# Montgomery Ward Hydrostatic 16



## safspir (Jan 15, 2017)

A new beast followed me home today. I think I've officially contracted the bug. The newest member of my stable is a 1975 Montgomery Wards/Gilson GIL33186A. What a beast! It's going to require a lot of love, and a bit of cursing to get rolling again, but appears to be all there. It came with manuals for the engine and transmission. Guy said it was running and just quit. No spark. I gave it a quick look over and found that in addition to no spark it has no compression either. I'll have to pop the head off and find out what's going on. But hey, it was a hundred dollar bill and a whole heck of a lot of grunting getting it into the back of my van. Think maybe I should quit for awhile. Trouble is, they keep coming out of the woodwork.  Haven't seen much online. Anyone out there have one of these? BTW, it came with the Sears [light weight] loader, ground ripper, and a massive PTO rototiller.


----------



## Hoodoo Valley (Nov 14, 2006)

Welcome to the forum safspir, and congrats on your score. Sounds like a hell of a deal! Be sure to enlighten us with photos and also be sure to toss your machine in our registry so that we can consider it in our routine monthly tractor banner contest!.


----------



## RM-MN (Sep 11, 2015)

What size engine does that beast have? Harbor Freight has a 22 HP horizontal shaft engine on sale this week for $630 that might make a suitable replacement if the one on their is trashed.


----------



## bbirder (Feb 26, 2006)

Safespir,
I purchased one like that new back in the day. Purchased a maintenance agreement that paid for itself 20 times over. Great deal. Mine had a 46" deck. 
Sounds like you may have a bent or stuck valve. 
Great buy for the price you paid.


----------



## safspir (Jan 15, 2017)

http://www.http://www.tractorforum.....php?attachmentid=29928&stc=1&d=1485622895895

I'm not having much luck getting the pics on this post. They show as uploaded images, but I seem to be missing whatever procedure is needed to apply them.


----------



## bbirder (Feb 26, 2006)

safspir,
This i how I upload pics

Go advanced in reply
scroll down to attach and click upload images
click browse
find file on your computer and select
click open
then click on upload
you will be back at your reply
Click on preview post
if this is what you want to post click submit reply
Wallah!


----------



## FredM (Nov 18, 2015)

you could have a stuck valve, if the unit has been sitting for some time, one or both valves will stick.
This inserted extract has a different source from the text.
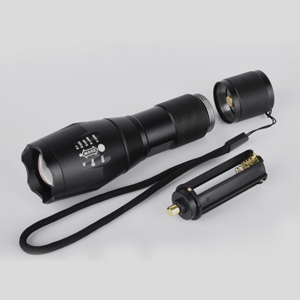 Pivoi 600 Lumens 10W LED Tactical Flashlight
when I had this problem with the older Briggs, I would squirt some oil towards the valves through the plug hole and use a small screw driver to place some pressure on the top of the valves, this usually got them moving again.

by all means remove the head, this way you will see what condition the engine is in.


----------



## safspir (Jan 15, 2017)

*Wards Update*

The no spark was an easy fix, points box was full of water. Drained, dried, and dressed the points. Good spark. On this engine I could easily see the exhaust valve, but not the intake. Exhaust was working fine, but still no compression. Popped the head off and sure enough, intake valve was stuck open. Squirted some mouse oil in and hit it with a soft face mallet for a few cycles and it freed up. The starter belt broke along the way, and while replacing it I found out the driveshaft universal was broken. Found one on Ebay, and it's coming. Threw the head back on with the old gasket (new one coming), but it will not stay running except on go juice. It came with a new carb body, so it looks like a little rebuild project in my future. If I'm not careful this might just become a runner.  Okay, I'll try this pics again.


----------



## bbirder (Feb 26, 2006)

You got the pics down pat. That i a different machine then the one I had, but might make you a strong one.


----------



## safspir (Jan 15, 2017)

Update... I rebuilt the carb (nasty), checked the valve clearance (OK), cleaned the top end, installed new head gasket, installed new points and condenser, new head gasket, and fired her up. Purrs nicely. Found two broken off engine to frame bolts and was fantasically lucky to use an easy out get both of them out. Which leads to the next major headache, the drive shaft...Argh! One end was broken, and try as I might, could not remove the danged thing without cutting it in half. Steering gear got in the way. Got a new drive shaft off of Ebay, but it's too long. Now I'm facing not only shortening it, but also, how to get the thing back into place without major disassembly. Help! Anyone out there have more experience than I as to how to do this?


----------



## safspir (Jan 15, 2017)

Update. I've posted questions in several groups. Some said no problem, others said you have to move the engine. Well, after a couple of hours of cursing, sweating, and such, I finally have the steering gear out of the way, and a clear path to the driveline. If anyone is still watching/following, I'm curious as to the next best path to follow. My "new" driveshaft is too long, but I can shorten it now problem. The thing is, do I re-use the flexible couplers, or update to the thin fibre ones? I love/hate this tractor addiction.


----------



## jhngardner367 (Apr 5, 2011)

Use the flexible couplers,as they also protect the driveshaft from harsh loading,...much like a shear pin does.
They're designed to rip,if too great a load is put on,too quickly.
They can be made from the sidewalls of old tires,also.


----------



## safspir (Jan 15, 2017)

So, the new driveshaft I got off Ebay was indeed too long, so I ordered a 3/4 id x 2 inch coupling from Amazon. Got it today. Amazing what a few thou can make. After cleaning, polishing, heating, and beating, I arrived at the magical 21 3/4 length and installed it. Runs sweet and true. Now for the fun of reassembling the steering and PTO. Course I could have hired a gardener to rototill for the cost of six packs gone into this project!


----------



## safspir (Jan 15, 2017)

Since it's been raining non-stop forever it seems here in the PNW, I've been diverting attention to restoration of my 1973 Explorer motor home. It's about done, now back to the tractor. I recall leaving it in frustration last month due to issues of trying to get the driveshaft back in without disassembling the whole bloody tractor. Anyone with ideas on that?


----------



## jhngardner367 (Apr 5, 2011)

Post pics of it.
All I see is the PTO shaft.


----------



## safspir (Jan 15, 2017)

The previous pics in the thread I thought gave a pretty good overview of the whole thing. Just asking for input from someone who's actually done it. I.E. do I really have to move the engine? Thanks for the response.


----------



## jhngardner367 (Apr 5, 2011)

The Ford/Jacobsen I had is about the same.
You can get it in,but I preferred to move the engine.....also made it easier to get the steering back together.


----------